23 mars 2010


L'avocat de Myriam Bédard estime que la décision rendue hier par la Cour d'appel
lui donne des arguments pour réclamer l'intervention du plus haut tribunal du pays.
photo d'archives

Déboutée en appel

Myriam Bédard s'adressera à la Cour suprême

Myriam Bédard portera sa cause devant le plus haut tribunal du pays après avoir échoué, lundi, dans sa tentative d'obtenir un nouveau procès auprès de la Cour d'appel dans le dossier de l'enlèvement de sa fille.

Eric Thibault

L'avocat de l'ex-biathlète de Loretteville, Me John Pepper Jr, a déclaré que malgré les « conclusions décevantes » des juges de la Cour d'appel, « la porte est ouverte » pour que la défense réclame l'intervention de la Cour suprême.

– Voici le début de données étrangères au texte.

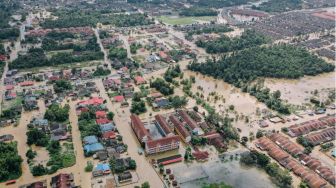 Indonesia Rawan Bencana, Ini Pentignya Edukasi Tangguh Bencana Untuk Anak Pesantren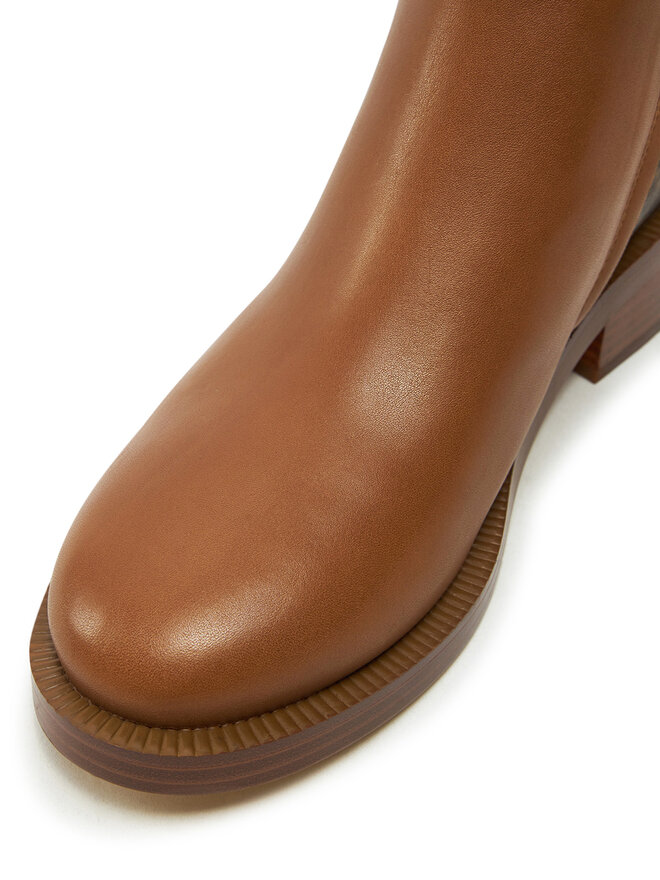 MICHAEL Michael Kors Botines MICHAEL Michael Kors Carlisle 40F4CLME8L Marrón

C'est que le juge André Brossard, de la Cour d'appel, a identifié des « lacunes » dans les directives que le juge du procès a données aux jurés avant qu'ils ne rendent leur verdict de culpabilité, en septembre 2007, au terme d'un procès hautement médiatisé au palais de justice de Québec. Me Pepper estime que ces directives ont « induit le jury en erreur » et il entend soumettre la question à la Cour suprême, d'ici les trente prochains jours.

Malgré cela, le juge Brossard a tout de même conclu qu'à la lumière de la preuve entendue au procès, « aucun jury, quelle que soit la qualité ou la perfection des directives, n'aurait pu faire autrement que de conclure à la culpabilité de l'appelante pour avoir retenu et caché l'enfant avec l'intention de priver le père de ses droits » d'accès.

Myriam Bédard était partie à Washington avec son conjoint, Nima Mazhari, pour y dénoncer ce qu'ils qualifiaient de « terrorisme bureaucratique canadien », en octobre 2006. Elle y avait amené sa fille de 11 ans, dont elle avait la garde légale. Le père, l'entraîneur de biathlon Jean Paquet, avait appris ce voyage dans les médias. Il a porté plainte à la police de Québec quelques mois plus tard, craignant de ne plus revoir sa fille.

Après 87 jours passés dans la région de la capitale américaine, dans 29 hôtels différents, Myriam Bédard a été arrêtée au Maryland, le jour de son anniversaire, le 22 décembre 2006. Elle a été emprisonnée pendant 14 jours avant d'être ramenée au Canada.

Sentence confirmée
La Cour d'appel a également écarté les arguments de la défense et de la poursuite afin de réviser la peine imposée, soit une absolution conditionnelle à une probation de deux ans, durant laquelle Myrian Bédard s'est vu retirer son passeport et a dû remettre toute arme à feu aux autorités. Une peine que la double médaillée d'or des Jeux de Lillehammer a fini de purger en octobre dernier.

La défense suggérait une absolution inconditionnelle, tandis que la poursuite estimait que l'ex-biathlète aurait dû se voir imposer une peine d'emprisonnement à purger dans la collectivité. Les juges ont rappelé que la peine prononcée par le juge Jean-Claude Beaulieu ne constituait pas un précédent au pays pour une infraction semblable et qu'elle tenait compte des impacts de la couverture médiatique de l'affaire.